We load the dataset and write all data to the sparse matrix $A$. This matrix will collect movie ratings from $943$ users on $1682$ movies.

In [None]:
# Load data from disk
names = ['user_id', 'item_id', 'rating', 'timestamp']
df = pd.read_csv('datasets/u.data', sep='\t', names=names)
n_users = df.user_id.unique().shape[0]
n_items = df.item_id.unique().shape[0]

# Create r_{ui}, our ratings matrix
ratings = np.zeros((n_users, n_items))
for row in df.itertuples():
    ratings[row[1]-1, row[2]-1] = row[3]

A = ratings
m, n = A.shape
print("The dimensions of A are:", m, n)

In [None]:
# Choose the value for r (10, 20, 30)

r = 20

def f(X):
    U, V = X[:m], X[m:]
    return 0.5* LA.norm(U @ V.T - A)**2

def df(X):
    U, V = X[:m], X[m:]
    res = U @ V.T - A
    grad_U = res @ V
    grad_V = res.T @ U
    return np.vstack([grad_U, grad_V])


# evaluation function.
J = lambda x: LA.norm(x)

# the starting point 
np.random.seed(0)
X0 = np.random.randn(m + n, r)

# number of iterations
N = 30000

Notice that in order to run GD or AGD, we require manually to tune a stepsize $1/L$. We found it by many rounds of trial and errors.
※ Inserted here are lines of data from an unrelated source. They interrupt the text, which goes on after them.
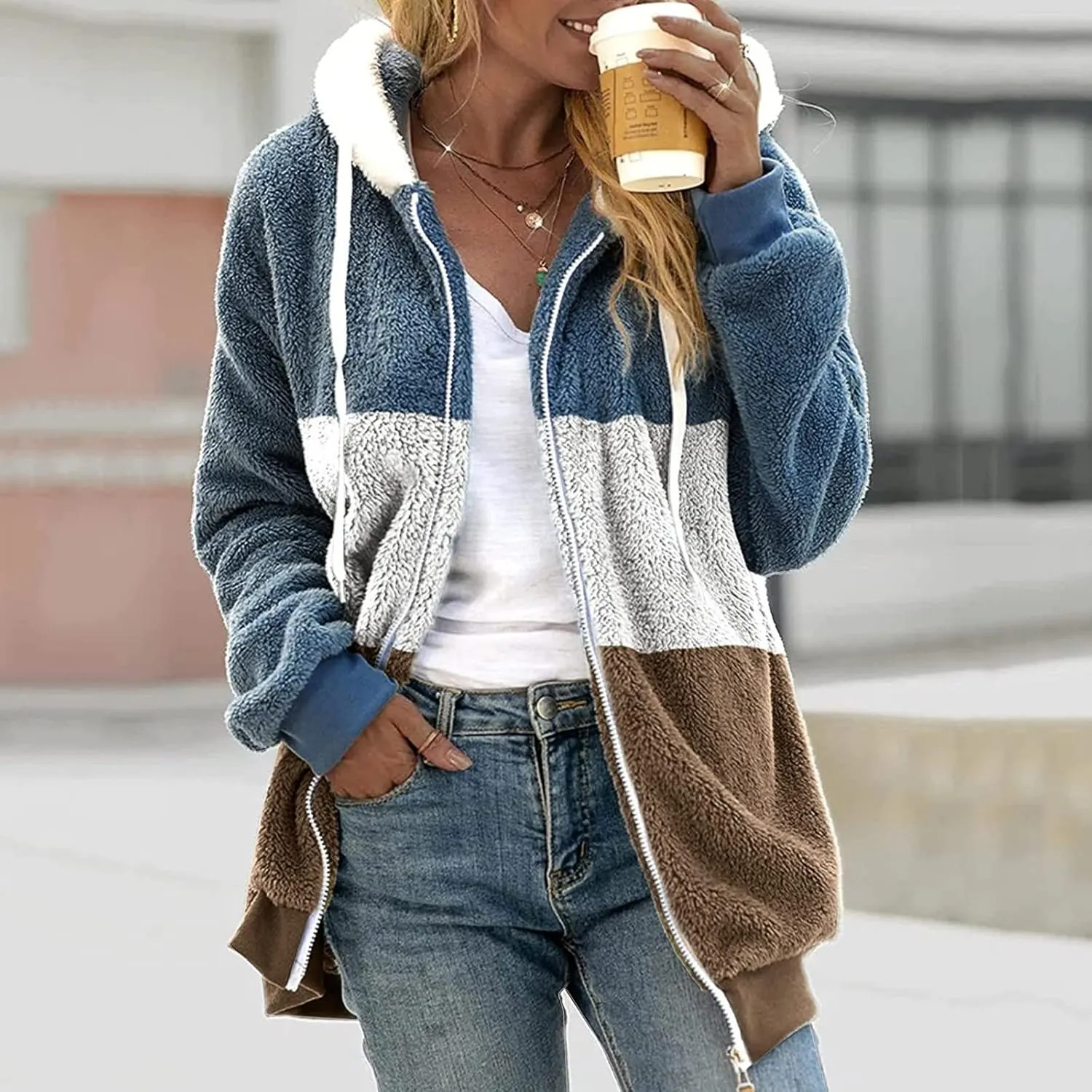 Teddy Bear Jacket for Women Plus Size Fuzzy Winter Coats Color Block Hooded Sherpa Fleece Jacket Outerwear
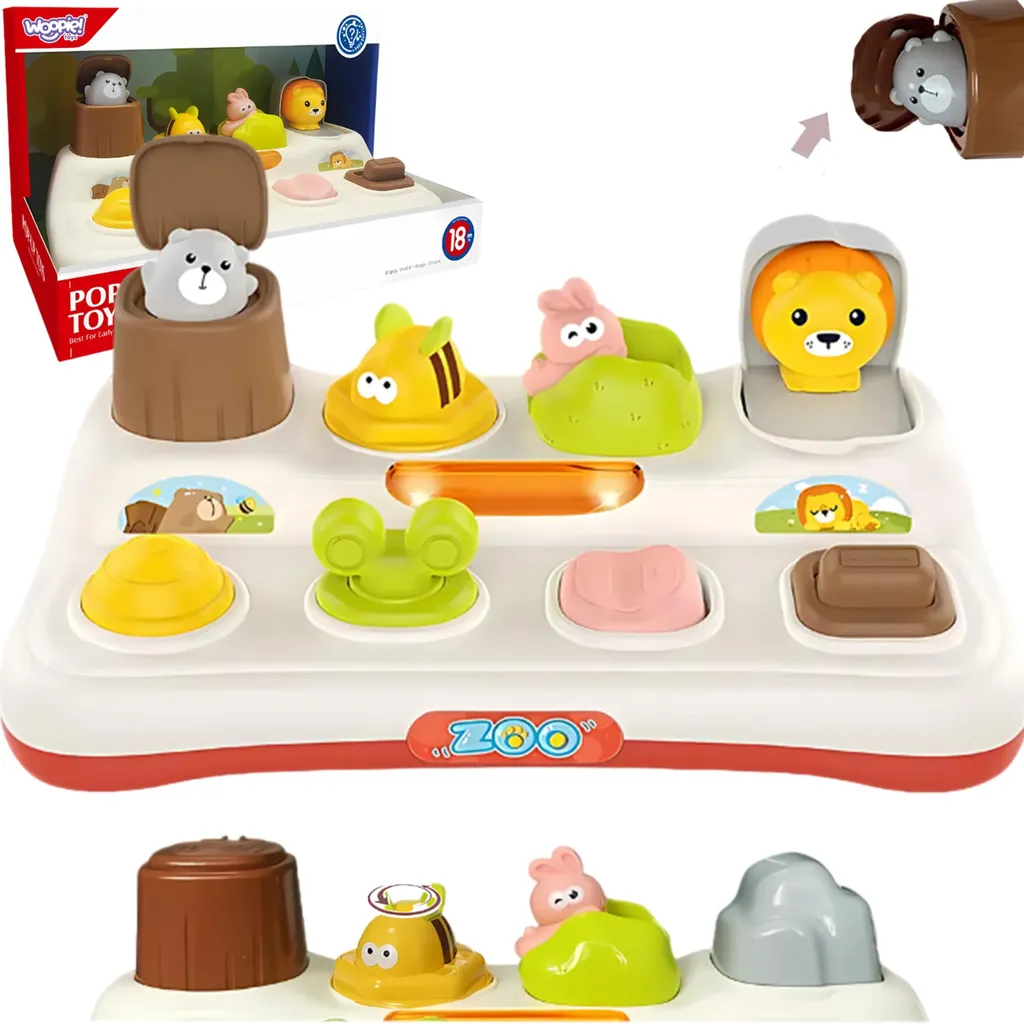 WOOPIE BABY Jouet Éducatif Pop Up Zoo Animals - Jeu de Cause à Effet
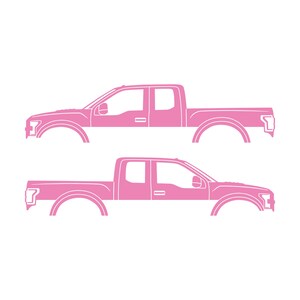Set Of 2 Car Silhouette Decal Stickers For Ford Raptor F150 2nd Gen 2017 Soft Pink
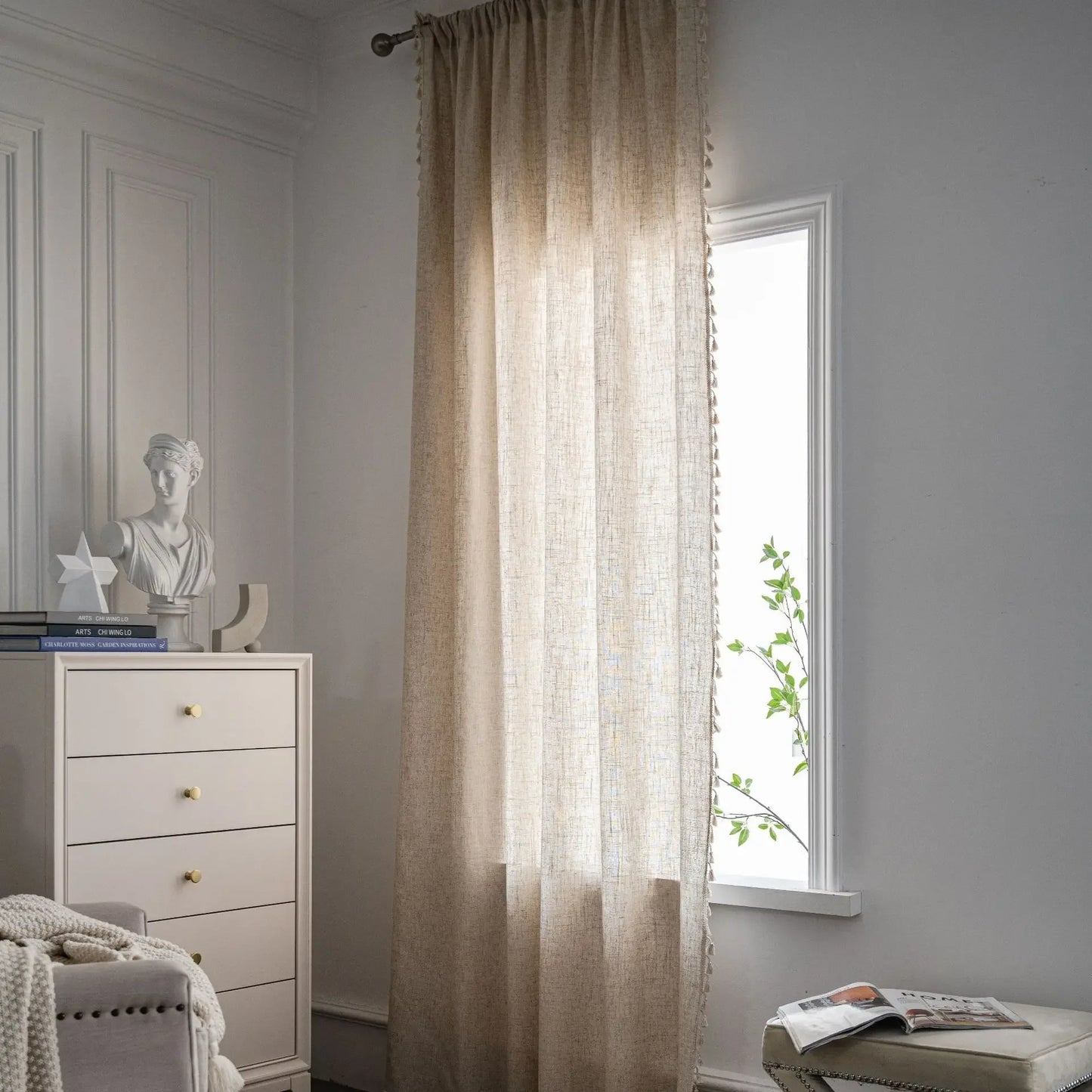 Cream Linen Curtain with Lace Tassels and Rod Pocket for Cozy Spaces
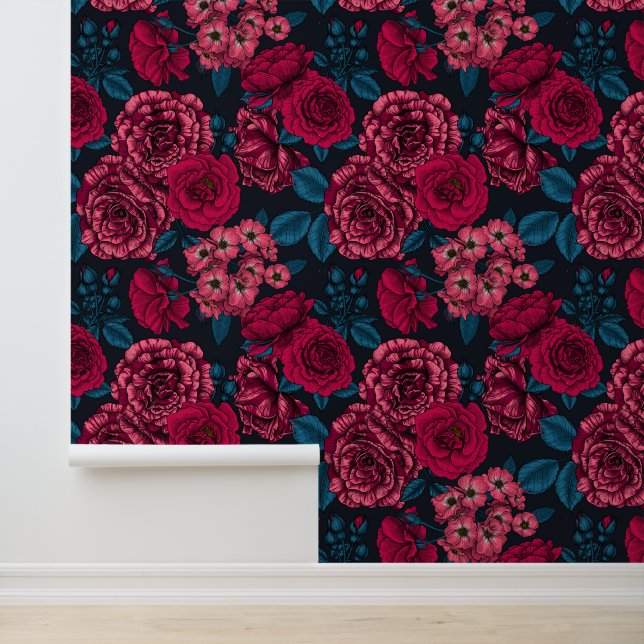 Pink, red and bi-colour roses with blue leaves on  wallpaper (Application)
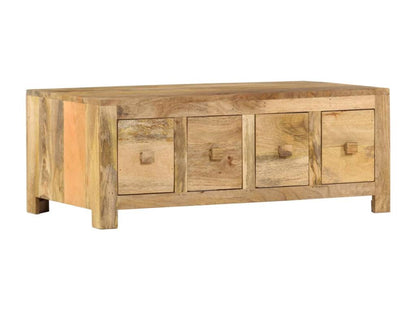Table basse avec 4 tiroirs 90x50x35 cm Bois solide de manguier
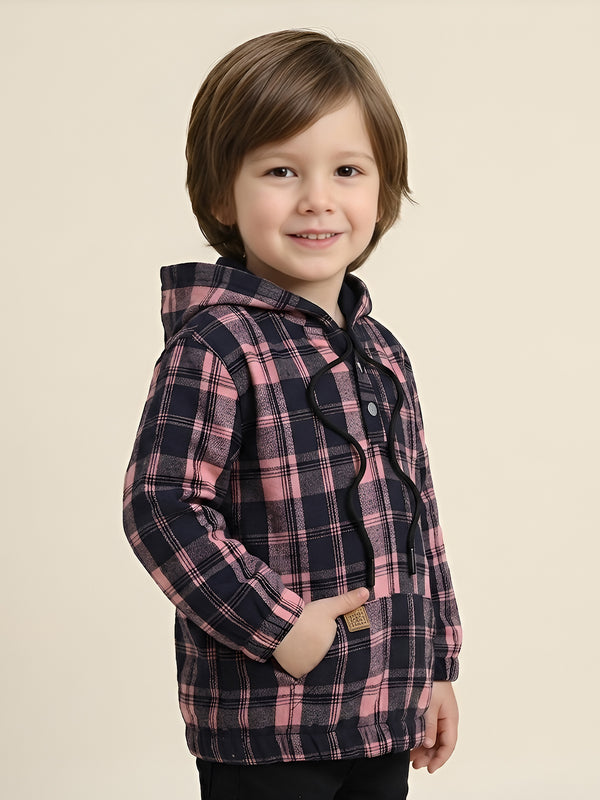 Polka Tots Kids Full Sleeves Checked Hoodie Shirt - Black and Orange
Interestingly, both these methods converge with different steps, and they both diverge if one takes in two times larger steps respectively.


Here is the values of $L$, for which GD and Nesterov GD work well and they don't work if we decrease $L$ in $2$ times

| r  |      GD      |  Nesterov |
|----|:------------:|------:|
| 10 |  1000 |10000   |
| 20 |  1000    |30000   |
| 30 | 1000|  20000   |

Yes, it is very strange. For symmetry, it would be much better if we swap last two values in the third column.



In [None]:
# gradient descent
L = 1000
ans1 = gd(J, df, X0, 1./L, numb_iter=N)


Check that it doesn't work with L=500

In [None]:
# checking that smaller step will not work for GD
# you can skip it
N_ = 1000
L = 500
try:
    ans1_not = gd(J, df, X0, 1./L, numb_iter=N_)
except Exception as e:
    print(e)

In [None]:
# Nesterov accelerated gradient descent
L = 30000
ans2 = accel_gd(J, df, X0, 1./L, numb_iter=N)


In [None]:
# checking that smaller step will not work for acceleretaed GD
# you can skip it
N_ = 10000
L = 15000
try:
    ans2_not = accel_gd(J, df, X0, 1./L, numb_iter=N_)
except Exception as e:
    print(e)

In [None]:
# adaptive GD
ans3 = ad_grad(J, df, X0, 1e-9, numb_iter=N)

In [None]:
# adaptive acelerated GD (heuristic)
ans4 = ad_grad_accel(J, df, X0, 1e-9, numb_iter=N)

Make the plots

In [None]:
sns.set(style="whitegrid", context="talk", font_scale=1.2, palette=sns.color_palette("bright"), color_codes=False)

answers = [ans1, ans2, ans3, ans4]
values = [ans[0] for ans in answers]
labels = ["GD", "Nesterov", "AdGD", "AdGD-accel"]
markers = [',', 'o', '*',  'D']

n_plot = 400
plt.figure(figsize=(8,6))
for i, val in enumerate(values):
    skip = len(val) // n_plot
    plt.plot(
        np.arange(0, len(val), skip), 
        val[::skip], label=labels[i],
        marker=markers[i], markevery=20)
    
plt.yscale('log')
plt.xlabel(u'Iteration')
plt.ylabel(r'$\Vert \nabla f(x^k)\Vert$')
plt.legend()
#plt.savefig('../plots/for_paper/factorization={}.pdf'.format(r), bbox_inches='tight', dpi=300)


Save all data points

In [None]:
np.save('saved_data/factorization-{}.npy'.format(r), np.vstack([ans[0] for ans in answers]))